> [Crawled caption data]:
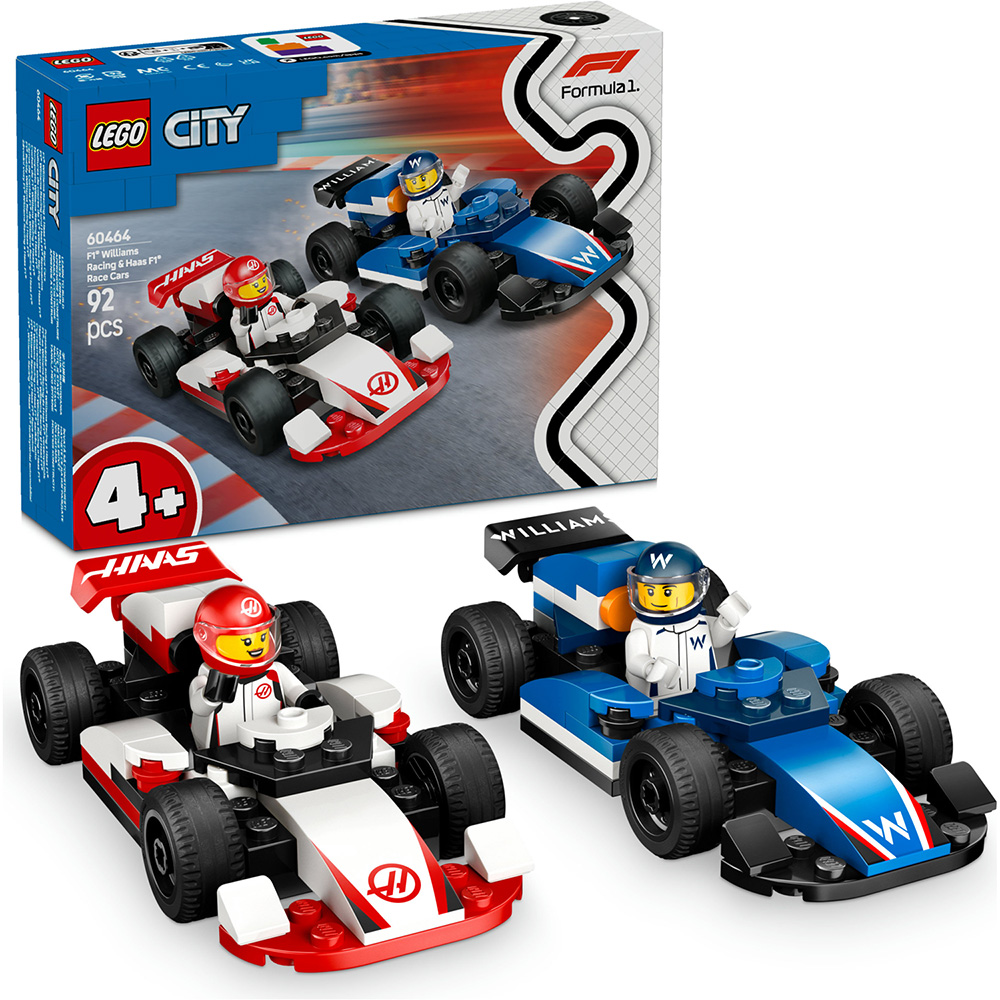 City Автомобілі для гонок F1 команд Williams Racing та Haas F1 92 деталі (60464) Тематика транспорт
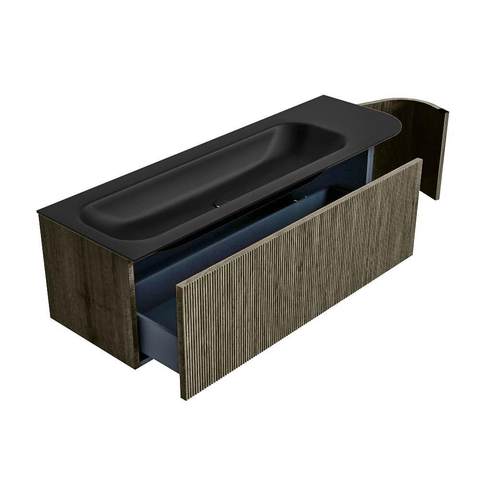 Mondiaz KURVE Ensemble de meubles de salle de bains - 145x46x40cm - 1 tiroir - 1 porte - lavabo solid surface - gauche - 2 trous de robinet - Shadow SW1414271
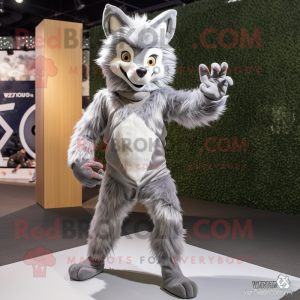 Silver Fox maskot kostym...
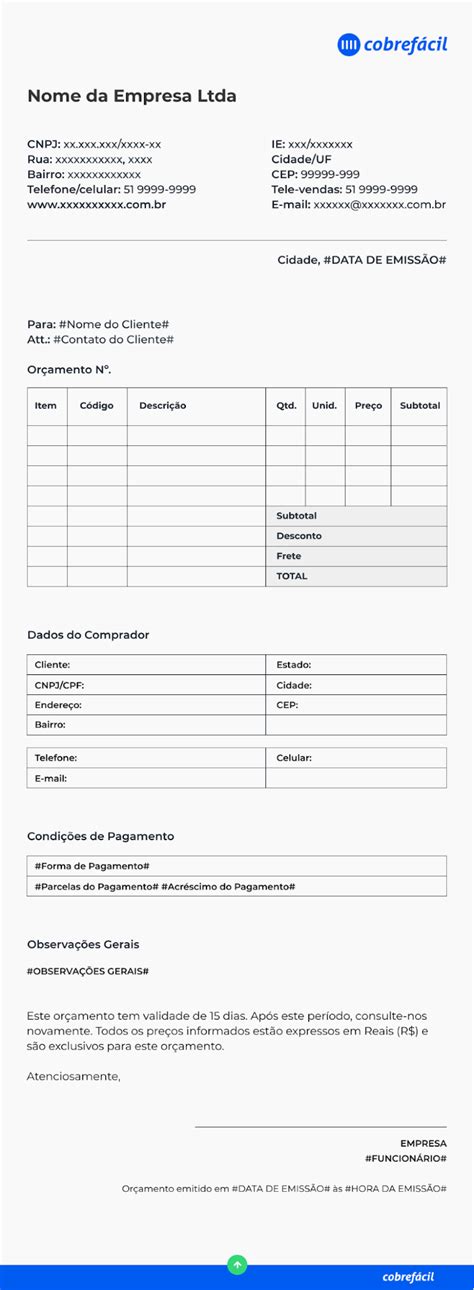 Modelo De Or Amento Como Fazer E Enviar Para Clientes Cobre F Cil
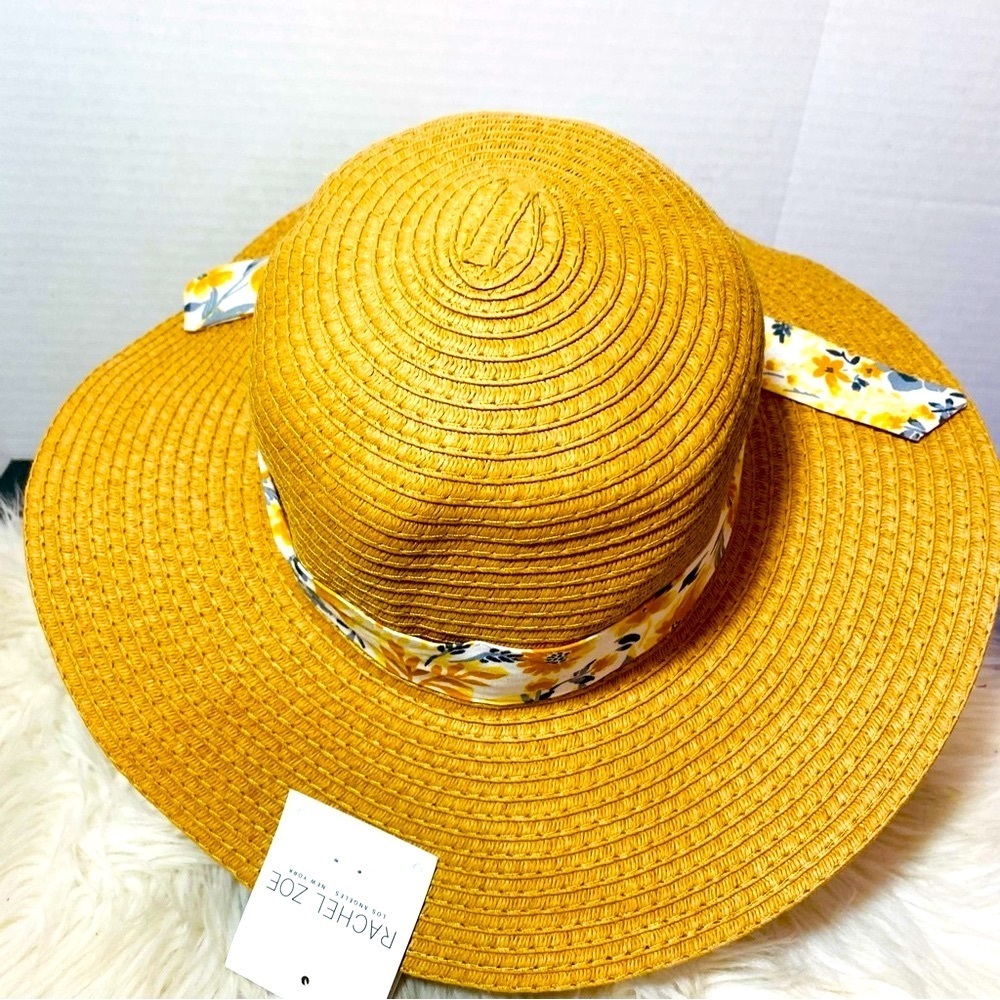 Rachel Zoe Golden Women's Beach Sun Hat with Floral Head Band NWT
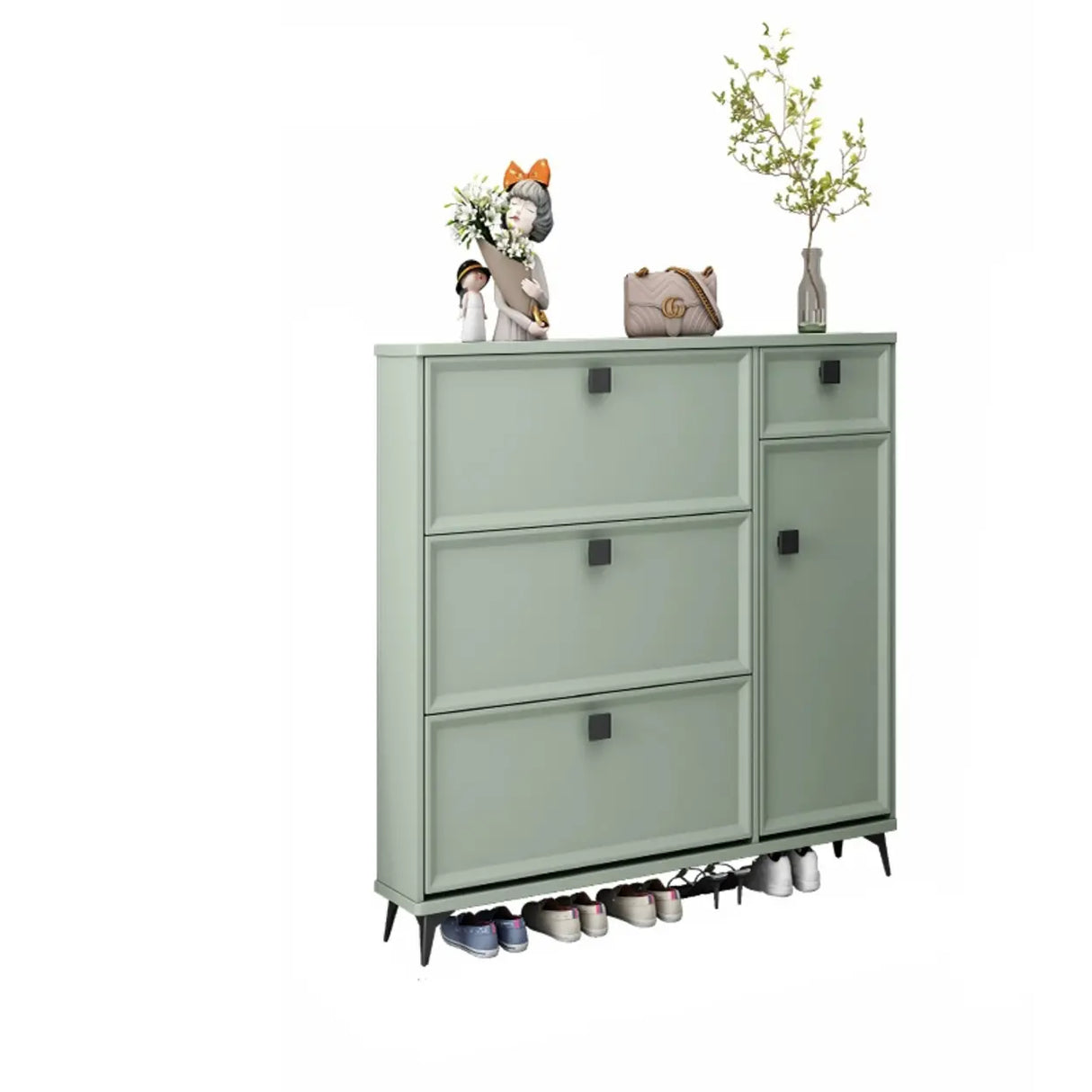 Adjustable Wood Green Large Drop Front Shoe Storage Cabinet Image - 5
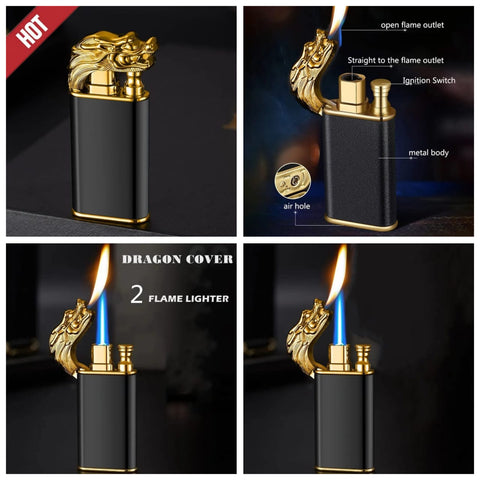 Dragon Double Flame Lighter – Jet & Soft Flame, Windproof & Refillable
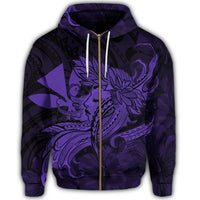 Hawaiian Map Hula Girl Hibiscus Kanaka Polynesian Zip Hoodie Purple - Polynesian Pride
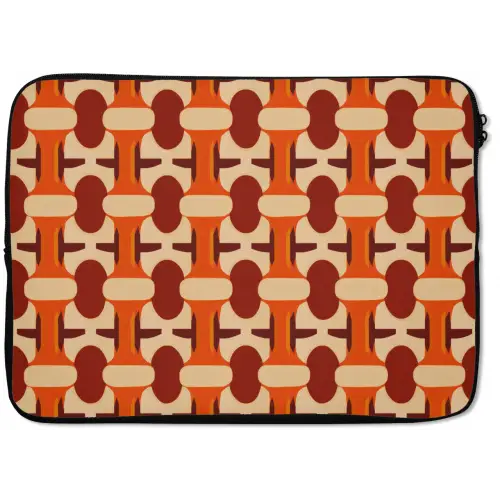 Geometrisch - Retro - Oranje laptophoes neopreen klein 279 -zkaufland3dotto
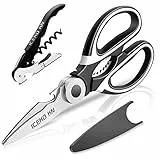 Forbici da Cucina Multiuso Professionale,ICEKO-KN Forbici cucina Multiuso in Acciaio Inox,ultra resistenti affilate,acciai inossidabili,per tagliare pollame, carne/pollo/erbe, tacchino e pizza.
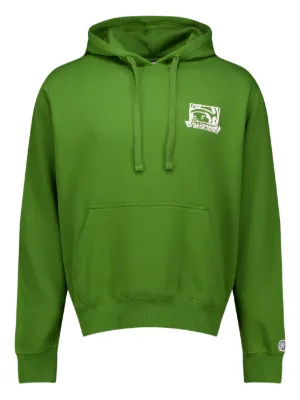 AMIRI logo-detail frayed-hem Hoodie | Green | FARFETCH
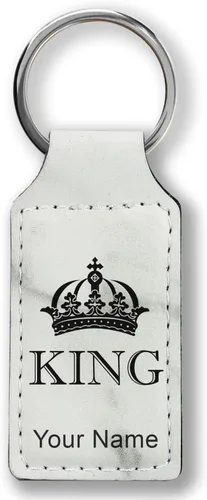 Vista 9 de Llavero rectangular, corona de rey, grabado personalizado incluido, Bambú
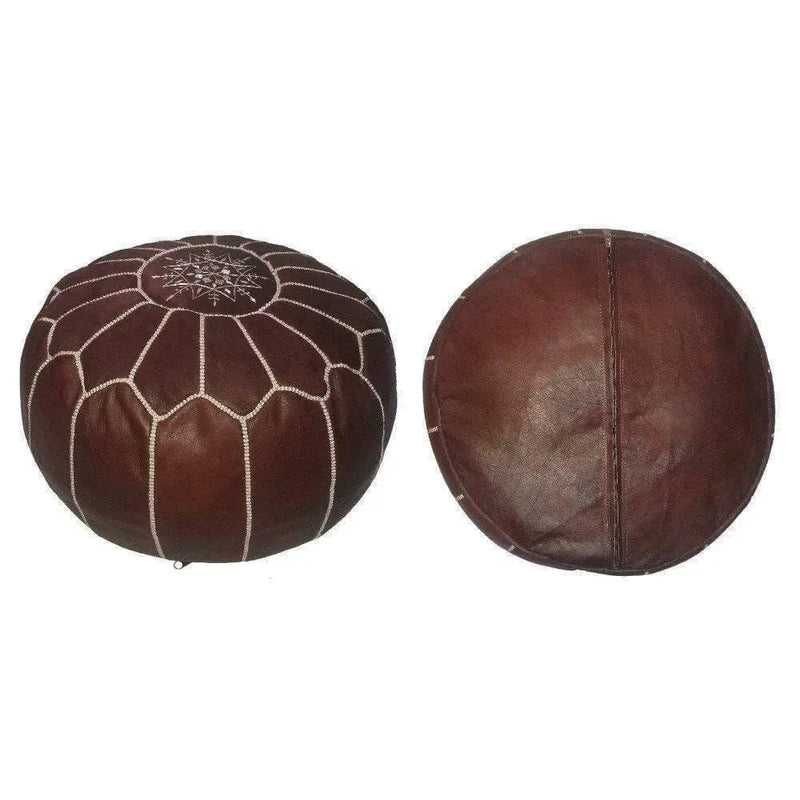 Set of 2 Dark Brown Poufs - Ettilux Home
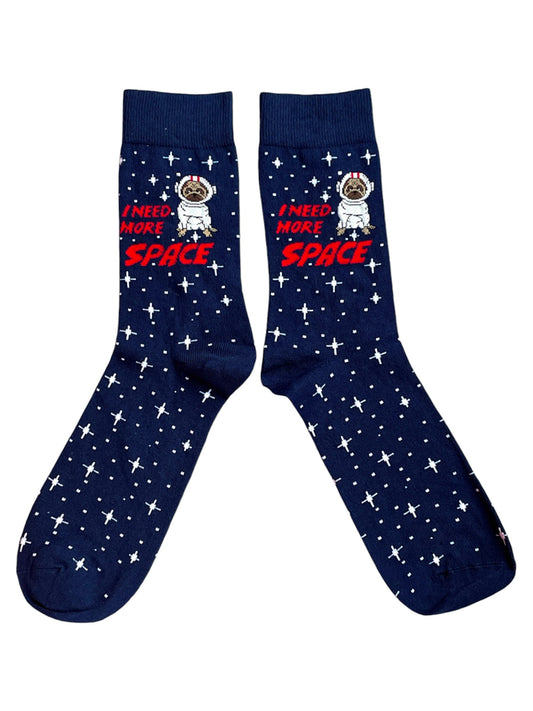 Pug Dog In Space I Need More Space Mens Socks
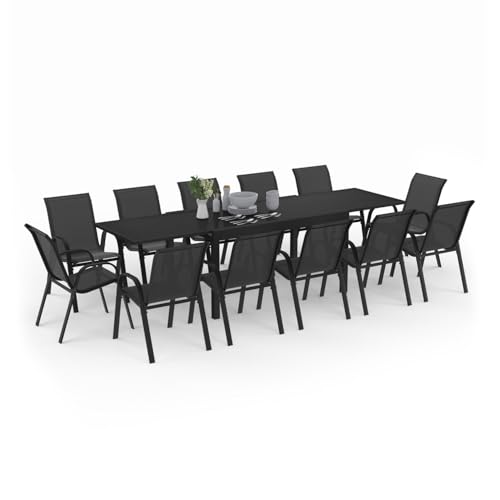 IDMarket - Salon de Jardin Madrid Table Extensible 135-270 CM et 12 chaises empilables Noir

> [WHAT THE EXERCISE ASKS]: Transcribe the entries from their first line to the line that holds "Silver Fox maskot kostym...", both included, and skip every picture.

> [EXERCISE RESPONSE]:
 City Автомобілі для гонок F1 команд Williams Racing та Haas F1 92 деталі (60464) Тематика транспорт
 Mondiaz KURVE Ensemble de meubles de salle de bains - 145x46x40cm - 1 tiroir - 1 porte - lavabo solid surface - gauche - 2 trous de robinet - Shadow SW1414271
 Silver Fox maskot kostym...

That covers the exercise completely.